What We're Left With

I have my dad's turntable, I have his records. I have his guitar, a white Fender Stratocaster that he would let me play on special occasions. It was his guitar of choice onstage and there are many days where I still don't feel worthy enough to play on it, like I'm desecrating it with my clumsy fingers, my sadly muted f sharp. 


I remember sitting in his studio while he played, strumming alongside him with a beater guitar, my first, as he played the solos to new medleys he was working on: Chicago, the Beatles, the Eagles. There are days when I try to play along with James Taylor because that always reminds me of growing up in the Berkshires with him, guitars in the background, playing around a bonfire or watching him play at a concert on the lake. I usually pick something slow and bluesy, something I don't have to think about while I'm playing.

I had the dream the other night, the same one I can't seem to shake. He was in it, and so were all these faces I didn't know. We were running through a street, not from something, not to something, just running. In real life, he was not a runner. But dream him strides along effortlessly. He doesn't look like himself, but I still know it's him in the way he talks, the way we interact, how it feels to be in his company. He keeps trying to say something to me, but I'm not listening to him, or to anything really, just staring ahead, just running. Sometimes I pretend that the whole dream has some deeper meaning, that if I only think about it enough and push through, I will unlock some great epiphany. But I know it's just a dream, my brain's sophomoric attempt to create something interesting with faux metaphors and pretentious allusions while it whiles away the hours, unable to keep my eyes open, unable to shut my brain off.
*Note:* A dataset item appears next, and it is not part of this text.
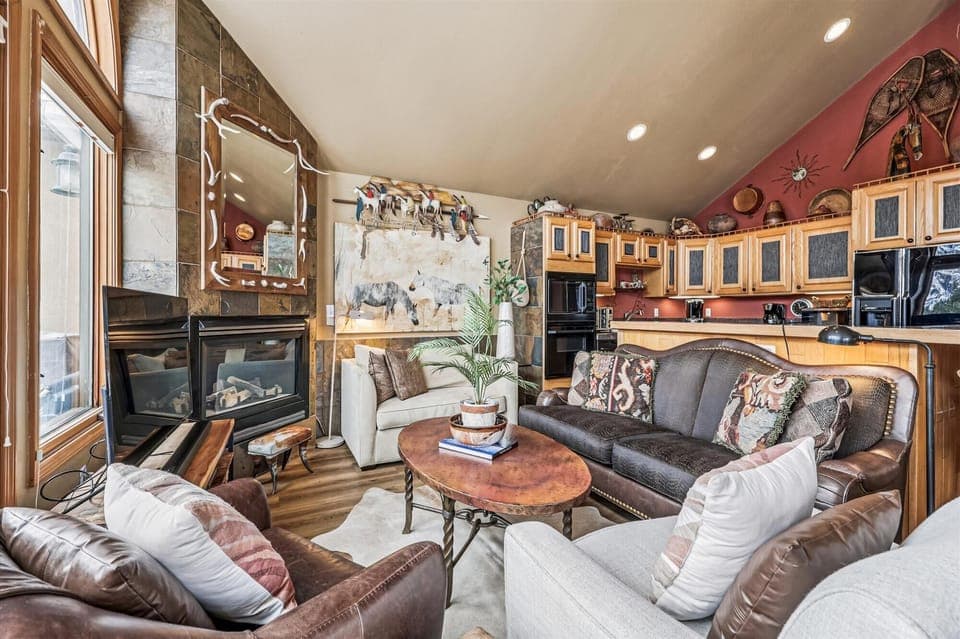 Living Area - Royal Mountain Retreat - Frisco Vacation Rental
I wanted to make this a happy post. I wanted to find the humor in the darkness and to tell you funny stories that will make you forget about life for a minute or two. You know, the reason why I created this blog. That's what I wanted for you, that's what I wanted for me. I really did want to, but I just don't know how today.

Because most days, lately, the sun shines too early through the window and falls on the clothes in the corner and the stack of sympathy cards on the table. Most days, it's hard to ignore the kind gestures and echoed platitudes that remind me he's gone. 'He's moved on to a better place.' The pictures from his funeral. 'He had a good life.' The Fender on the bed. 'He's not suffering anymore.' The guitar picks on the dresser. 'He was a good man.' The books he didn't read, and the letter he wrote me before he passed, in his curly scratch of handwriting. He wanted me to read it in front of him. "I'm so proud of the person you've become." You can barely make out the word "person." I usually can't get through it all.

In the end what we're left with, if we're lucky, is a pile of the happy times. Letters, scribbled notes on paper napkins, worn-through flannels, stories shared between sisters, unearthed pictures from before he got sick, two broken fishing rods that we had every intention of fixing. A guitar, some records, and a turn table. 

It's only been a couple months. It'll get easier, people keep reminding me. And I believe in my heart that it will. But it doesn't feel that way today. So instead, I'll take out that guitar and play along, poorly, to some 70s tunes. Maybe even try to read the letter again. (Maybe not.) Maybe try to write something funny again, one day soon. He would like that.